O que, então, estaria por trás de um boquirroto grosseiro, inconveniente e inconsequente? Ao explorar a caverna de Platão, numa alusão às prisões psíquicas representadas por certas formas de comportamento, é possível compreender alguns porquês do uso de linguagem tosca, chula ou agressiva, especialmente por parte de gestores, políticos ou pessoas com influência social. A agressividade verbal, além da origem cultural, tem também um fundo psicológico, e essa condição a priori, condiciona e formata a intensidade, a modulação e as circunstâncias da fala. Nessa linha, a agressividade e as palavras de baixo calão seriam de fundo psíquico, escapando em parte o controle do próprio dizer do agente. Há, de todo modo, sempre uma mensagem subliminar que carrega uma intencionalidade para além das próprias palavras. A intenção de ofender está implícita no gesto, no próprio movimento em assumir uma postura de confronto, mesmo usando “apenas” palavras.

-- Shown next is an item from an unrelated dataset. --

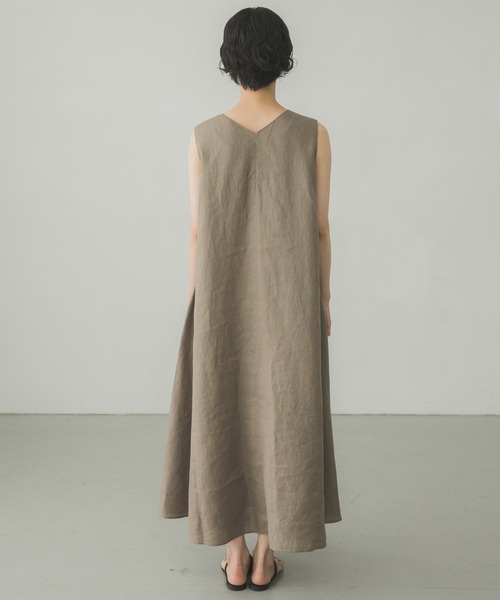 かぐれ（カグレ）の「リネンノースリーブAラインワンピース（ワンピース・レディース・ネイビー/グレー系その他・FREE）」の22枚目の写真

Freud estudou o fenômeno. Com o aval do pai da psicanálise, é possível compreender que a sexualidade reprimida é um dos elementos que repercute na forma como as inquietações e preocupações inconscientes têm efeito nas personalidades e, consequentemente, no cotidiano individual, na vida social das pessoas e nas organizações de forma geral. Personalidades perturbadas e neuróticas têm maior propensão a tentar organizar e controlar o mundo, revelando um caráter obsessivo compulsivo que pode extravasar para uma linguagem de cunho libidinoso, por vezes vulgar, que dê vazão a esse conjunto de impulsos. Dessa forma, na próxima vez que ouvir alguém mais desbocado no discurso, apelando para termos pouco recomendados, pelo menos enquanto as crianças estiverem na sala, saberá que existe uma explicação que talvez lhe tenha escapado quando em outras tentativas de melhor entendimento desse frequente fenômeno: o sujeito está reverberando uma ideia de controle, explicitando um caráter obsessivo compulsivo, caracterizando aquilo que Freud chamou de personalidade anal-compulsiva, refletindo questões profundas relacionadas à natureza psicológica do indivíduo que uma análise rasa tenderia a desprezar.

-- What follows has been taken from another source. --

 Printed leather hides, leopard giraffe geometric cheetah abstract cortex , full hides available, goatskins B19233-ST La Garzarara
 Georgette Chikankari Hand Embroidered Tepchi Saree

A linguagem obscena, insensível e beligerante, portanto, mesmo que possa e deva ser analisada e compreendida em sua natureza original, não deixa de ser um entrave considerável para um diálogo adequado e producente. Com as mídias sociais amplificando os discursos de forma massiva, o recado para a população de forma geral é muito ruim quando a decência é suprimida pela vulgaridade. As manifestações orais devem passar pelo mesmo escrutínio dos atos, uma vez que são as suas antessalas, e todo o desvario verbal deve também ser criticado dentro de um propósito de qualificação permanente dos discursos. Menos que isso, melhor ficar calado, antes que soframos uma justa interpelação, à Juan Carlos I, cuja pontual indignação deveria a muitos alertar.